*** Begin section ***

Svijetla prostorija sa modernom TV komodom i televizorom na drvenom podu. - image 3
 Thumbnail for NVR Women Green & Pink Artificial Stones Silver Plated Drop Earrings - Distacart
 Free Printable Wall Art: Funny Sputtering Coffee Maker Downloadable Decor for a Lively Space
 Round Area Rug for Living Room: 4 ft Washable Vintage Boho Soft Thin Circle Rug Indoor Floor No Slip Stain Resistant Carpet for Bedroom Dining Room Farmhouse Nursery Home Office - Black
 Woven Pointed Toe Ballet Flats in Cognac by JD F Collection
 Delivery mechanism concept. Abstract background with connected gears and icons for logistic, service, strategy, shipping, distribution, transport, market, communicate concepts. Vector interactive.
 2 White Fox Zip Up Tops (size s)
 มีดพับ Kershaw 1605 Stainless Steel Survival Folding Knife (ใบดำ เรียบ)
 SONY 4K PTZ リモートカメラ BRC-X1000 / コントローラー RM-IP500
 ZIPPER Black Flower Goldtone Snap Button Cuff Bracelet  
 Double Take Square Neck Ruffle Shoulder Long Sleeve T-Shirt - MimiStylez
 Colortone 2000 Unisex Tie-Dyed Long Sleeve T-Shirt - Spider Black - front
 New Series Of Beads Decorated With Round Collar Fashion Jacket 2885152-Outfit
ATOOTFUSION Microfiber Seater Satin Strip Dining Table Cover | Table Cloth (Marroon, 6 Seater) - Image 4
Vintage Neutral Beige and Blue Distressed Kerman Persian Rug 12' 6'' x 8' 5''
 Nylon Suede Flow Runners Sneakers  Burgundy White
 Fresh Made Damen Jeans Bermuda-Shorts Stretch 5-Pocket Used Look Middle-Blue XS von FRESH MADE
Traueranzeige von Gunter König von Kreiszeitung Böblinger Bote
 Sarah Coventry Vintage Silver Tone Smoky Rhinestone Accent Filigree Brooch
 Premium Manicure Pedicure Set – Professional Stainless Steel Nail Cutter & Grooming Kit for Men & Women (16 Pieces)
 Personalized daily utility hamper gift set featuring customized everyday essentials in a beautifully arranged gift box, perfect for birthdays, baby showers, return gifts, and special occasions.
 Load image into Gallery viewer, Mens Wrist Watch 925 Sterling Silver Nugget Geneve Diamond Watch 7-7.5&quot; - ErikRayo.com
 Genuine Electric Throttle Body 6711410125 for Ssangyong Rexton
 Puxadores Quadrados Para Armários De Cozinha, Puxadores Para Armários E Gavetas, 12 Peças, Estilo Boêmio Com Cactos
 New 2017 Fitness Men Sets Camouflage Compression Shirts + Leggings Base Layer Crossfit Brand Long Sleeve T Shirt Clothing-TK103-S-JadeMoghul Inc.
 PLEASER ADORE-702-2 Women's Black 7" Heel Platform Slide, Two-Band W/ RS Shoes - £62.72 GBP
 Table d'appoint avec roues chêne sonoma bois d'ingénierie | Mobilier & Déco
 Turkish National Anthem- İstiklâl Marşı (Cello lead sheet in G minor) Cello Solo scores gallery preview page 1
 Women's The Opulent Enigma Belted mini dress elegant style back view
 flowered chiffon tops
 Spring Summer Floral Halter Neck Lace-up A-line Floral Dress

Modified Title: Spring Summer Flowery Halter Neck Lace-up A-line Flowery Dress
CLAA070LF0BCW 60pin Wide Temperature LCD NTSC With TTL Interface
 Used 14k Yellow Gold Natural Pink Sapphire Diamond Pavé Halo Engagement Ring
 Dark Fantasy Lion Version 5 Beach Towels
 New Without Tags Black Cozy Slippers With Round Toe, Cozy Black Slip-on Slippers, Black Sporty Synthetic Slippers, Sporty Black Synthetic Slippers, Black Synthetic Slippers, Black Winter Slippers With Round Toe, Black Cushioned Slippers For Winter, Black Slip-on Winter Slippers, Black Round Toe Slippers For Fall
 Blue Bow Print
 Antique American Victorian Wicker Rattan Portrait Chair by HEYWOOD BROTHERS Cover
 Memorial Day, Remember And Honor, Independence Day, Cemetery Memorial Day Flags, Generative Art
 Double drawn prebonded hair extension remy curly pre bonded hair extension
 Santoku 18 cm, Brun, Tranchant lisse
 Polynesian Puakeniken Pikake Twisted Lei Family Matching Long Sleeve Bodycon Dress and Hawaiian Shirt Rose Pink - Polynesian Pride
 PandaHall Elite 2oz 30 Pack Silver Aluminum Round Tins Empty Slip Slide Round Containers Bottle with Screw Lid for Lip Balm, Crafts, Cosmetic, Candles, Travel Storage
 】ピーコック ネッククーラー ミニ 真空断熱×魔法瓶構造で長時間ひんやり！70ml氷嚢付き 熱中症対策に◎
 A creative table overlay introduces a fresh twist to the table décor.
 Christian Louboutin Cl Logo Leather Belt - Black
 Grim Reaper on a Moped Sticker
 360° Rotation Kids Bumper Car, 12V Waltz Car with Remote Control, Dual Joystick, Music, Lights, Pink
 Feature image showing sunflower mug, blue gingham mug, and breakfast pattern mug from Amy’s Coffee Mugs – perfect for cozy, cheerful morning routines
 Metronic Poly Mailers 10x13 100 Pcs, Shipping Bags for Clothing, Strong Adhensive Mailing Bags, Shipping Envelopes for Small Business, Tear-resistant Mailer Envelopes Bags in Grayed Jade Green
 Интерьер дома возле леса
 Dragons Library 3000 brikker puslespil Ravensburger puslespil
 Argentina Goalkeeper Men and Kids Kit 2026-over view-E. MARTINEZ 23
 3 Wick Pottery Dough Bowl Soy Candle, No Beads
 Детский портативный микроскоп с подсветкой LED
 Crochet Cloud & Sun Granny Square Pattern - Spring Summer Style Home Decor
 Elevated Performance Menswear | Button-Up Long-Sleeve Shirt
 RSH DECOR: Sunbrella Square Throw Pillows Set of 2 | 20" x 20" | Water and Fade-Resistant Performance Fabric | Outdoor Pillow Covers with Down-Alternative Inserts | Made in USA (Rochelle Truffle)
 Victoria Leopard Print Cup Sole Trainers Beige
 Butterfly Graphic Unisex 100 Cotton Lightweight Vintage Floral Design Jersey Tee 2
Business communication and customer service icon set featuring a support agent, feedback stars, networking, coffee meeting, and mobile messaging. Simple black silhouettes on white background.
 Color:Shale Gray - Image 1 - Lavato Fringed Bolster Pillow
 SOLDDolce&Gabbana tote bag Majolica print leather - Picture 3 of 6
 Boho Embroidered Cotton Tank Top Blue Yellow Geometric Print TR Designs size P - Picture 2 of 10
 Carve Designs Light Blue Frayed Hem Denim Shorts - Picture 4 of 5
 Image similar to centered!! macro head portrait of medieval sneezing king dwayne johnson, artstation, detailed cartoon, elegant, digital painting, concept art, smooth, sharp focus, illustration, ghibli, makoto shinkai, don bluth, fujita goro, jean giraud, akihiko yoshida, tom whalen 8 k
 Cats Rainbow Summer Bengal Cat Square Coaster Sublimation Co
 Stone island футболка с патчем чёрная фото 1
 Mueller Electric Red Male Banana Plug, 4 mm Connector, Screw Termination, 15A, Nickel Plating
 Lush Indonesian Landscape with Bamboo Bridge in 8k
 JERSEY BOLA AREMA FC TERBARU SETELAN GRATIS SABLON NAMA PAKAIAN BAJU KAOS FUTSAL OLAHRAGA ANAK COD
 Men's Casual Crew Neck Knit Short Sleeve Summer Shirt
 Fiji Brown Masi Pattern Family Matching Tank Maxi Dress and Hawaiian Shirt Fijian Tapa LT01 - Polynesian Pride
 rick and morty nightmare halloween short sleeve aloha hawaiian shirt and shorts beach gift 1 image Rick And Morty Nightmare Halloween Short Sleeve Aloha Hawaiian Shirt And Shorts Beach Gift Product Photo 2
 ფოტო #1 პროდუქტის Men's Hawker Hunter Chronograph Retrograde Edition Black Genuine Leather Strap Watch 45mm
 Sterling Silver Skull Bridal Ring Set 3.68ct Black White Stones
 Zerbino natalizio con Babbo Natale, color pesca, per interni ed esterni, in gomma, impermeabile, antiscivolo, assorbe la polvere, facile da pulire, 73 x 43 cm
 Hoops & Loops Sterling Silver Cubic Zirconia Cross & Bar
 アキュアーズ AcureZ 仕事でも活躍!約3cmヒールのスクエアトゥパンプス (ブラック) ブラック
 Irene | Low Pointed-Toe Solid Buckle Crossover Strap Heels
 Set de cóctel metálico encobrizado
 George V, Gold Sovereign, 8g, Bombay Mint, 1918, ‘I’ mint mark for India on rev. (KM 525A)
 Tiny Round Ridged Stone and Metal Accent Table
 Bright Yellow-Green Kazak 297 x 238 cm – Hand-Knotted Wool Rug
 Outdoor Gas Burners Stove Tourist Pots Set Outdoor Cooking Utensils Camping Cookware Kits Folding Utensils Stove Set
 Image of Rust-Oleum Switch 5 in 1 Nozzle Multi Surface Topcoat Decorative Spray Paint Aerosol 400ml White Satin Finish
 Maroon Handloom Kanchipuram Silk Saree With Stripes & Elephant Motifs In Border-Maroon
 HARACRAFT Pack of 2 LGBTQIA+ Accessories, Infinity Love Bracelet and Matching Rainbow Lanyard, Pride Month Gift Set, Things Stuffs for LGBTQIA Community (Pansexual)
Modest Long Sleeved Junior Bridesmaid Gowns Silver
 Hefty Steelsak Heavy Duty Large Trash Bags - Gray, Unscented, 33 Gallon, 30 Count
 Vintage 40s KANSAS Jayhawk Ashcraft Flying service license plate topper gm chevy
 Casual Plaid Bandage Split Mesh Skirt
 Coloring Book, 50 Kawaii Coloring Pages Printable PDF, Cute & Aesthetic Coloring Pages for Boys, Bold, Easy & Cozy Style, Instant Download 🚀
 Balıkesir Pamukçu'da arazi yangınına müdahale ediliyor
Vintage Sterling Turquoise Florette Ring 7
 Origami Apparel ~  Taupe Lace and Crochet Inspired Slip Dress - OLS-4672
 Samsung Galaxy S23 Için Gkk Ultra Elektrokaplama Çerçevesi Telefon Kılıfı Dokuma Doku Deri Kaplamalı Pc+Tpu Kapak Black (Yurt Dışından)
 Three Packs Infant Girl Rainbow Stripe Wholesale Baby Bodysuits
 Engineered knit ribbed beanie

*** End section ***

Would you state how many lines in the listing above contain the word "Double"? Reply with the number and no other words.

2